- **Provided entries**
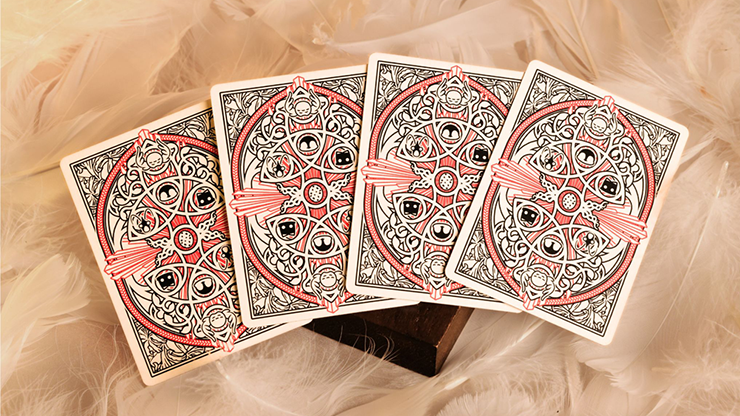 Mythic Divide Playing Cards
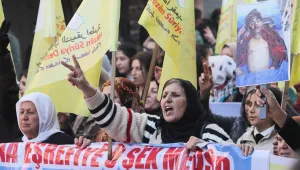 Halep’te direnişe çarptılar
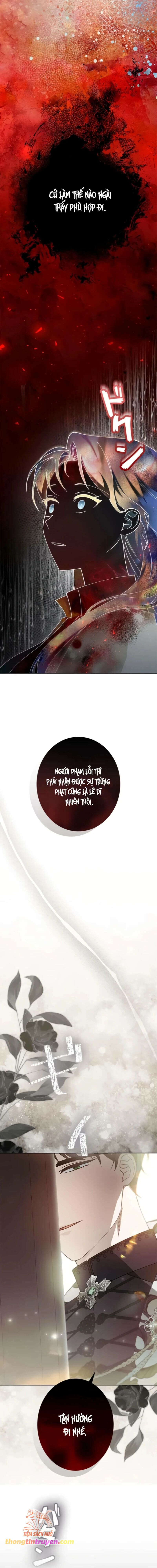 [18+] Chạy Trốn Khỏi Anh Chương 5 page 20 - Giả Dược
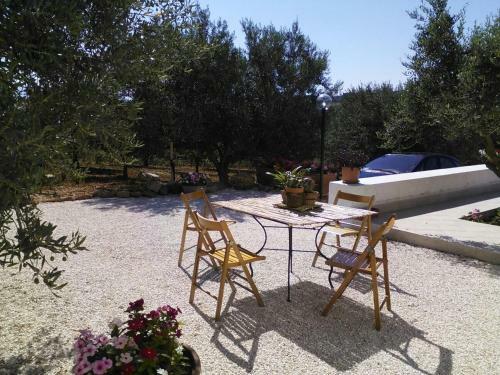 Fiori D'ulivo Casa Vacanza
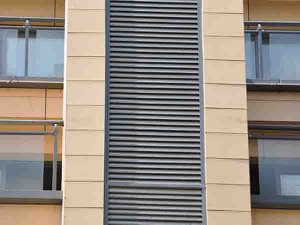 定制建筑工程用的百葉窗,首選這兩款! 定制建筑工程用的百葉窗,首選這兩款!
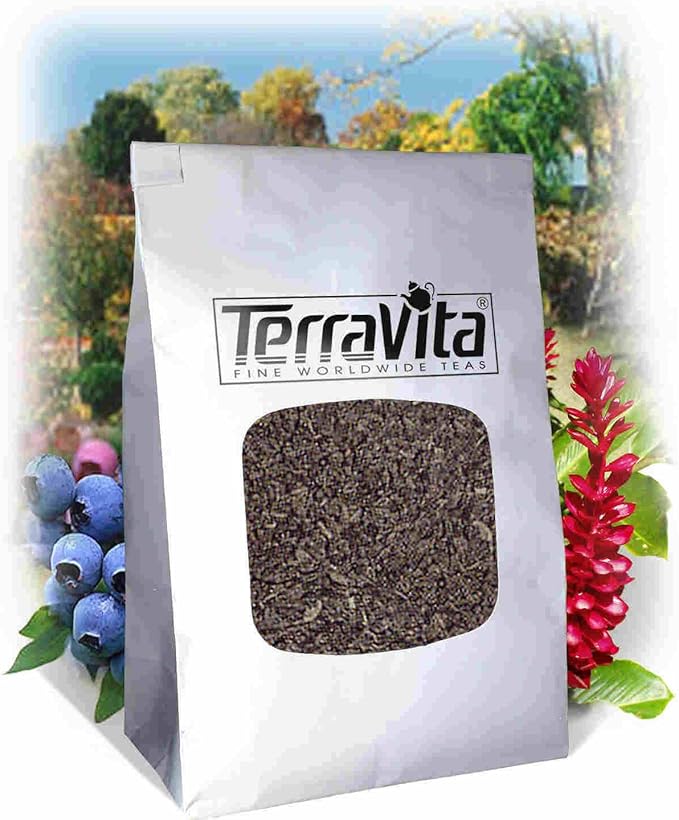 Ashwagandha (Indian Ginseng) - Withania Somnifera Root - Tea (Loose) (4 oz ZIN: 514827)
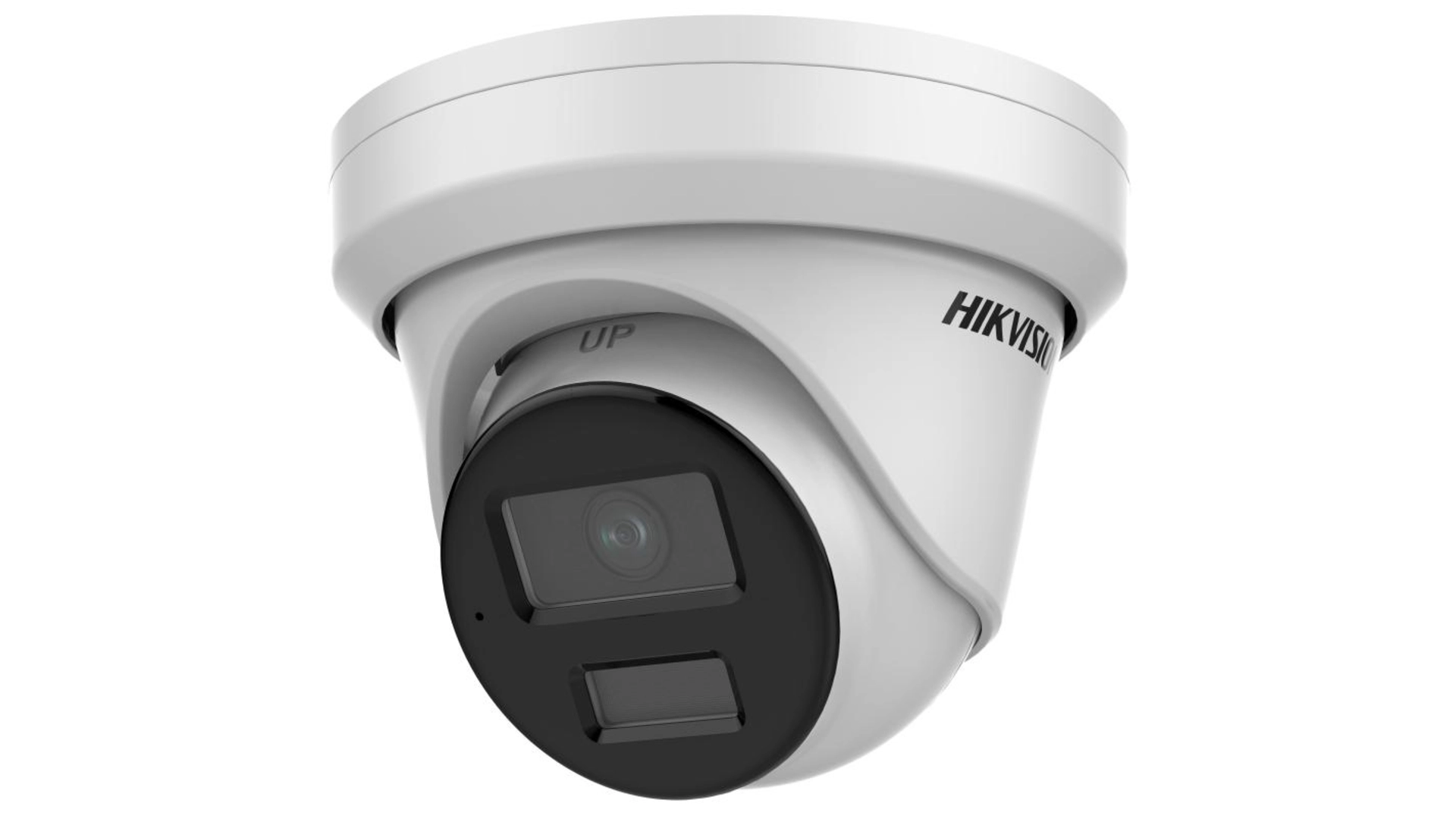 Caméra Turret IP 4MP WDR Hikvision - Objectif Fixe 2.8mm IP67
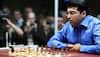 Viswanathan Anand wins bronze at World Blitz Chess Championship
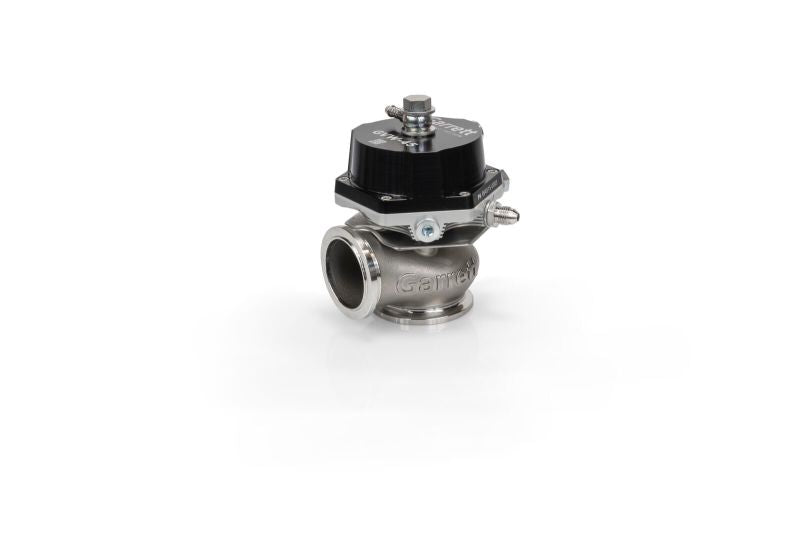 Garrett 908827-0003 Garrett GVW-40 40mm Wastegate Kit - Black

* * *

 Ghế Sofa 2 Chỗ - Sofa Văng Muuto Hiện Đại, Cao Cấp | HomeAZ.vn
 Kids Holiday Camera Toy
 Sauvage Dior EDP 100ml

...

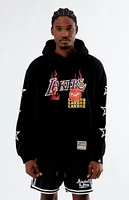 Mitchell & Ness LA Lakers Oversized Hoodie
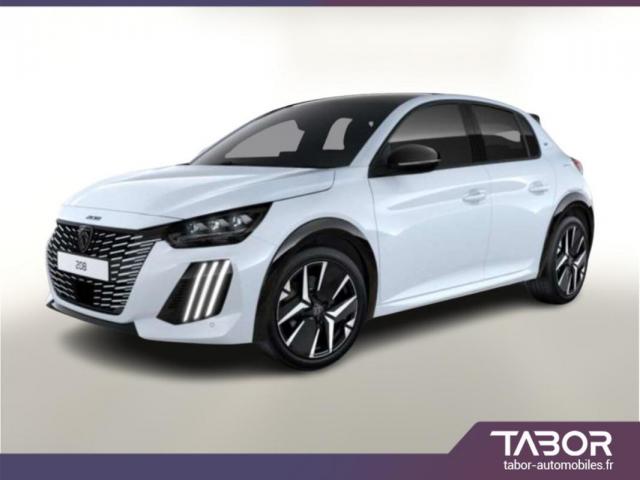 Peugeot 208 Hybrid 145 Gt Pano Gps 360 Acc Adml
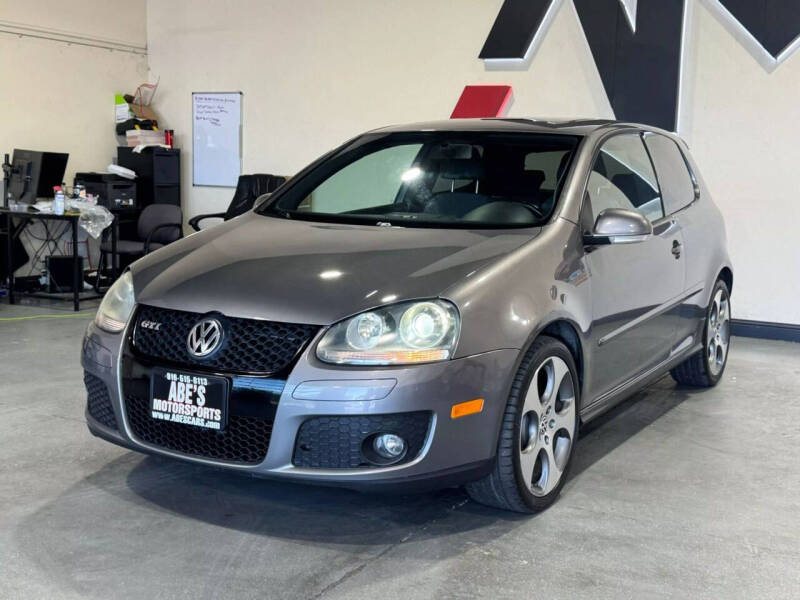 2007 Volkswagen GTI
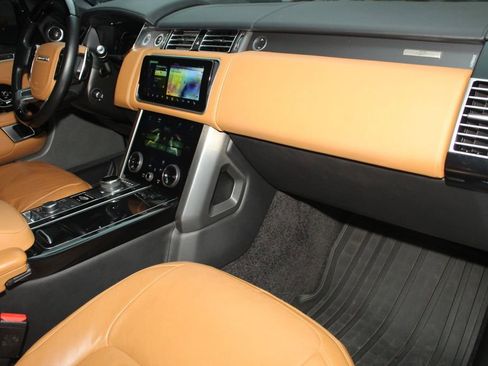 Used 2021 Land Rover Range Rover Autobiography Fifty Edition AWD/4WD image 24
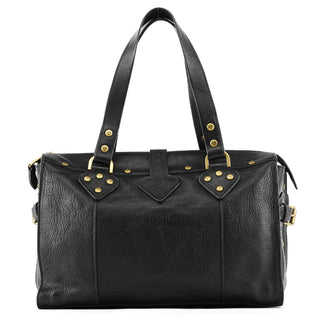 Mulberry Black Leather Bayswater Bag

- **Instructions to follow**
Give back the exact lines above, running from the one that has "Mythic Divide Playing Cards" through the one that has "Ashwagandha (Indian Ginseng)", with nothing added and no pictures.

- **Response**
 Mythic Divide Playing Cards
 Halep’te direnişe çarptılar
 [18+] Chạy Trốn Khỏi Anh Chương 5 page 20 - Giả Dược
 Fiori D'ulivo Casa Vacanza
 定制建筑工程用的百葉窗,首選這兩款! 定制建筑工程用的百葉窗,首選這兩款!
 Ashwagandha (Indian Ginseng) - Withania Somnifera Root - Tea (Loose) (4 oz ZIN: 514827)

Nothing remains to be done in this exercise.